多自然川づくり(河川法の改正の背景と粗朶沈床)について


 日本の河川制度は、明治29年に旧河川法が制定されて以来、幾たびかの改定を経て現在に至っております。
 戦後焼け野原になった日本の各地で、大洪水が次々と発生し、早急に水害に対し安全性を高める必要がありました。また、国力の弱い戦後の日本は、国土再建のため早く、効率の良い工法で河川改修をする必要がありました。
 昭和39年に制定された新河川法は、国の水系一環管理制度の導入など、治水、利水の体系的な制度として整備が図られ、今日の河川行政の規範としての役割を担ってきました。
 即ち、用地面積が少なく、速やかに洪水を海へ導くため、河川を直線化することや、強度の強いコンクリートを使用し、効率的な治水、利水事業を行ってきました。
 また、荒廃した急流河川の治水工法の研究においても、優れた河川技術者が多数たずさわり、多くの英知を私たちに残してくれました。
 なかでも、河床洗掘を防止するため考案された、根固工十字ブロック(コンクリート)は、河道の安定に大きく貢献した技術の一つと言えます。

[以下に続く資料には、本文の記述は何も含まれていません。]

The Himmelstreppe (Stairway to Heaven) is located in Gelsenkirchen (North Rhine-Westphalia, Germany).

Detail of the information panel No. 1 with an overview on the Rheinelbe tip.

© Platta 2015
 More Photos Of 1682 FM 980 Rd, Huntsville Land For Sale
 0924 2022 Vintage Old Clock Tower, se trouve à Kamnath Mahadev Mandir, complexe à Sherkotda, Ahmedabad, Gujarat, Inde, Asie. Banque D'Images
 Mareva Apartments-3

 しかしながら、その後の社会経済の変化により、近年、河川制度をとりまく状況も大きく変化し、河川は単に、治水、利水の役割を担うだけでなく、うるおいのある水辺空間や多様な生物の生息・生育環境として捉えられ、また、地域の風土と文化を形成する重要な要素としてその個性を活かした川づくりが求められております。
 こうした変化を踏まえて、平成8年12月、河川審議会において、「社会経済の変化を踏まえた今後の河川制度のあり方について」提言がなされ、建設省では、この提言に基づき、これまでの治水、利水を中心に規定された河川法(昭和39年制定)の改正の検討を行い、平成9年第140国会に、河川の持つ自然環境、河川と人との関わりにおける生活環境等「河川環境」が明確に位置付けられた「河川法の一部を改正する法律案」を提出し、同国会において可決成立しました。

 河川は、水と緑の貴重な環境空間であり、子供達が五感を使って自然を体験し、学ぶ大切な公共空間です。これからの河川事業においては、河川の安全確保を第一にした上で、少し増高になっても、自然豊かな水辺空間を整備していくこととしております。

 「多自然川づくり」は自然の樹木や石などを利用した個性のある河川の創造と考えておりますが、欠かせない素材の一つに粗朶があります。
 粗朶を使った代表的な工法の一つが、粗朶沈床であり、明治の初期に関東の淀川において、オランダ人技師エッセル、デ・レーケの各氏により、河川工法として使用されたのが初めてであると言われております。

 また、粗朶沈床は、自然の山繁殖している雑木を用いて組み立てるもので、大きさを自由に定めることが可能であり、地形に沿って設置できなど、屈とう性にも富んでいることから、多様な生物の生息や生育環境などの創造にも大きな期待がもてる工法です。
 このような自然にやさしい粗朶工法も、全国では、@粗朶等の伐採作業をする労務者不足や労働者の高齢化により資材の供給が困難とか、A組立技術者の不足などで採用が減少されつつあります。
 北陸地方(特に新潟県)は、全国で粗朶工法が採用されなくなっている今でも、粗朶の生産が着実に続けられているとともに、工事現場では従来の工法を伝承する一方、機械施工が可能な「新しい工法」も考案し、北陸の河状、海浜になじむ技術開発に取り組んでおります。